»»

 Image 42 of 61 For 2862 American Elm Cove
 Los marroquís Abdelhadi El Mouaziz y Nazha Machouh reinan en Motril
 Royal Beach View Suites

««
»»

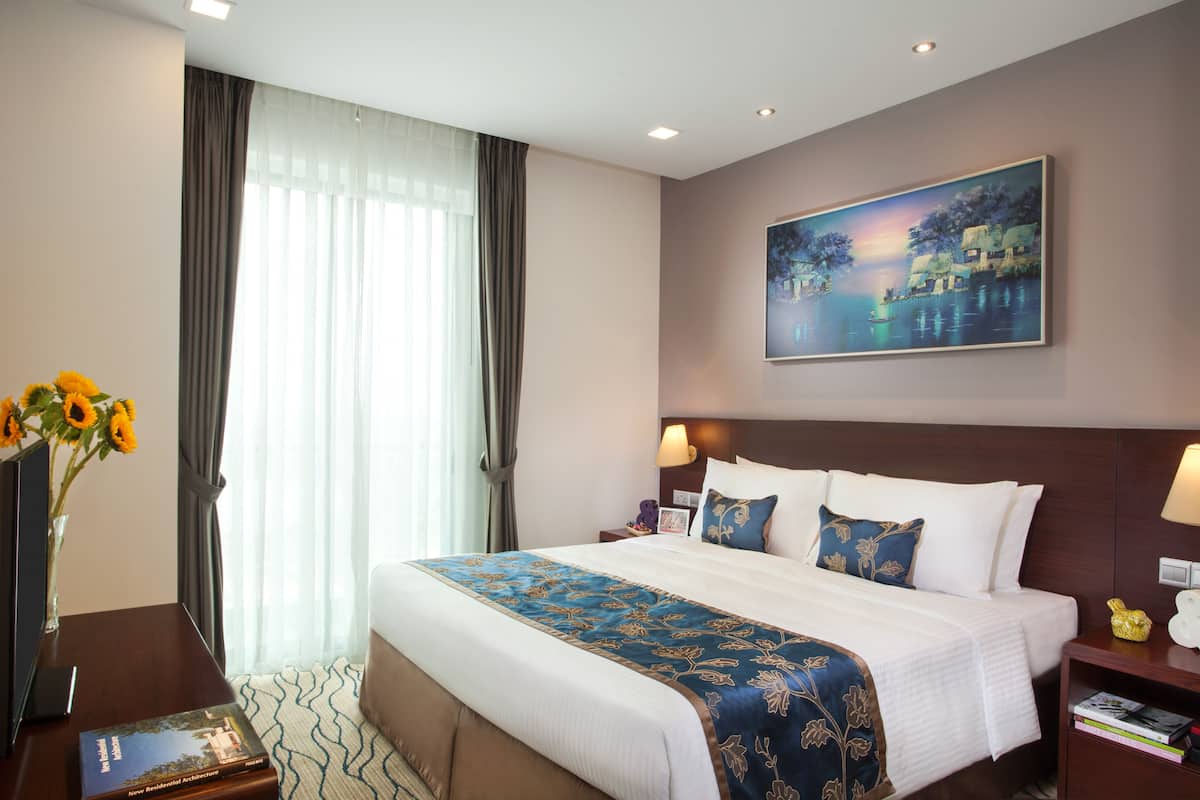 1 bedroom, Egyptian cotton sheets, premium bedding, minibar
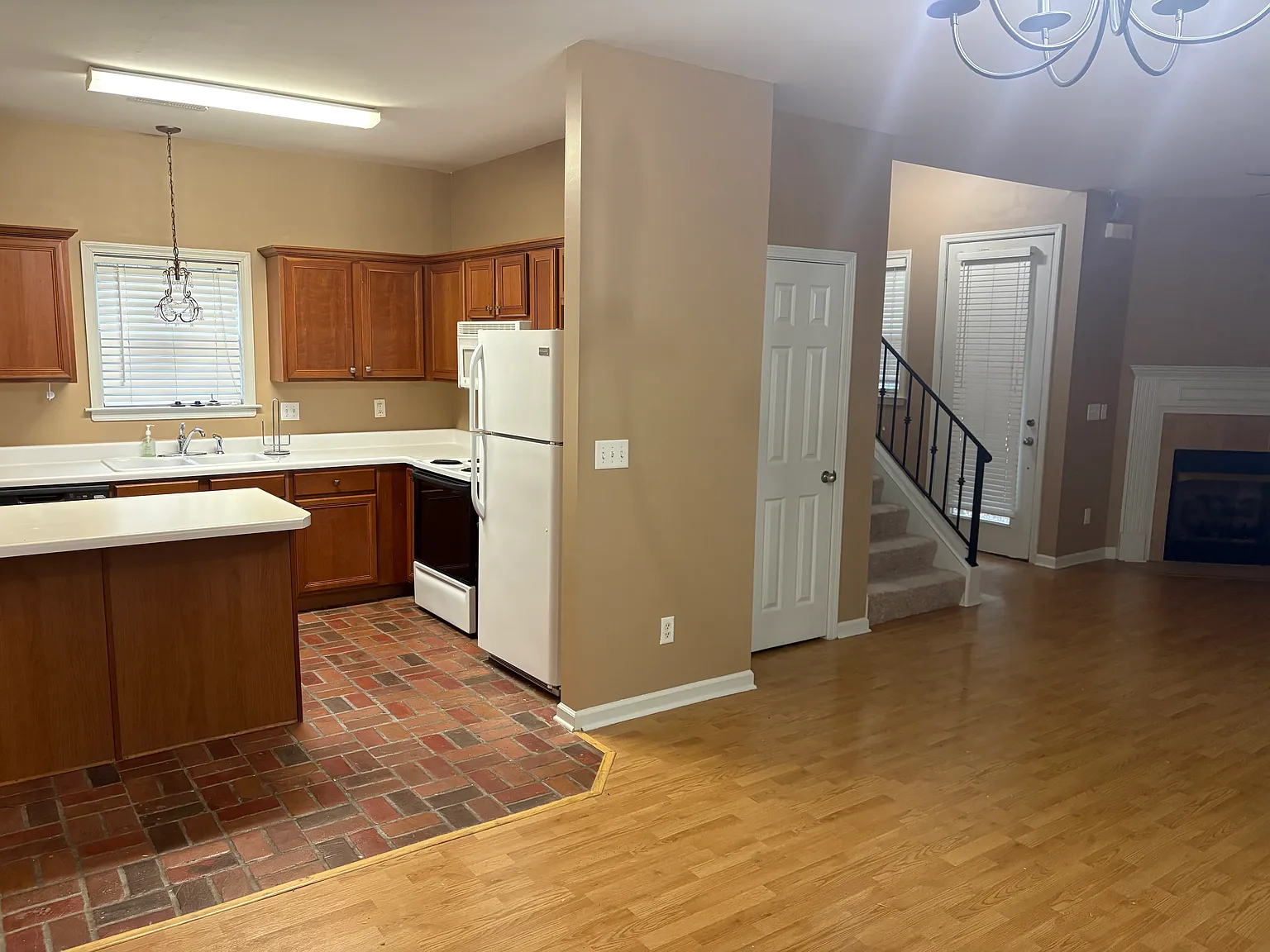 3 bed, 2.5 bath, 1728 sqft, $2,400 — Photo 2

««

- [PROBLEM TO WORK ON]:
Once the line with "Los marroquís Abdelhadi" is found in the records above, print exactly that line and every line after it through the line with "Royal Beach View Suites".

- [SOLVED EXERCISE]:
 Los marroquís Abdelhadi El Mouaziz y Nazha Machouh reinan en Motril
 Royal Beach View Suites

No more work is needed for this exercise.